Si j’ai réitéré avec « Les Dieux voyagent incognito », vous vous doutez que c’est parce que ça m’a plu.

Dans ce dernier, l’auteur aborde différents thèmes courants comme la vie, la mort, l’amitié, l’amour, la parentalité aussi, le travail, la liberté, l’épanouissement personnel et cette éternelle quête du bonheur ou est-ce plutôt de l’estime et de la confiance en soi qui fait défaut à tant d’êtres humains ?

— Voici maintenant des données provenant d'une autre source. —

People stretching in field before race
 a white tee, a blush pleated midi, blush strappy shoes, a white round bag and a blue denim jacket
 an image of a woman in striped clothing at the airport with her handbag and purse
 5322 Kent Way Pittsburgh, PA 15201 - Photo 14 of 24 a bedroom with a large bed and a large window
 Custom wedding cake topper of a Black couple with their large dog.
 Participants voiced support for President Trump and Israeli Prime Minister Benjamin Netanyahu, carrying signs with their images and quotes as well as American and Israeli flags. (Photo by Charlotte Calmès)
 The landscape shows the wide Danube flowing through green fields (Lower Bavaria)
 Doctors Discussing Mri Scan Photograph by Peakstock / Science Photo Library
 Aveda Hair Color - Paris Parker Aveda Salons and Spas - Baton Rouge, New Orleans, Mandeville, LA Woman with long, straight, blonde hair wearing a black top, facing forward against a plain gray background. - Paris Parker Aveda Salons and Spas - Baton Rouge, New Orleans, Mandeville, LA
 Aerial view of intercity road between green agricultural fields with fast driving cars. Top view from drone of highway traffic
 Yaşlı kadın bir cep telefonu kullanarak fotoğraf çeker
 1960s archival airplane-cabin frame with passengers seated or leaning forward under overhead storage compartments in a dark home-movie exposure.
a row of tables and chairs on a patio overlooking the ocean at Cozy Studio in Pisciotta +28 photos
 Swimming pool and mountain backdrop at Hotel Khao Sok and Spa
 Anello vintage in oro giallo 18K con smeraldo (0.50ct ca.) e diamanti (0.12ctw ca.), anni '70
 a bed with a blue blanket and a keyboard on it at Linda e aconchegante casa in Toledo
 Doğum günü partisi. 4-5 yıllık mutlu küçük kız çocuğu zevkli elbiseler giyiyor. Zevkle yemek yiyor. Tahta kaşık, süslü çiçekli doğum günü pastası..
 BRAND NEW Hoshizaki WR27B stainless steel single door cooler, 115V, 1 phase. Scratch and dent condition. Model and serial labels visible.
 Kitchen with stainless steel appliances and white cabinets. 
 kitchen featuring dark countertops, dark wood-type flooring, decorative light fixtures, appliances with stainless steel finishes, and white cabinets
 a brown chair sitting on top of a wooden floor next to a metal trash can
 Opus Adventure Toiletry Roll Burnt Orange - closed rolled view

Alan Greenmor, c’est ce jeune cadre franco-américain, qui n’a pas connu son vrai père, qui est revenu habiter en France et travaille dans une société qui ne lui plait guère, qui a plein d’idées mais surtout de nombreuses peurs, qui tombe amoureux, puis tombe au 36ème dessous après qu’elle l’ait quitté, qui veut mettre fin à ses jours, mais à qui on offre de mettre fin à cette vie qui ne correspond pas à ses attentes.

Le marché conclu, il se retrouve « prisonnier » de son engagement et à effectuer de nombreuses tâches qui le conduiront au-delà de ses limites : « la plupart de nos peurs sont des créations de notre esprit ».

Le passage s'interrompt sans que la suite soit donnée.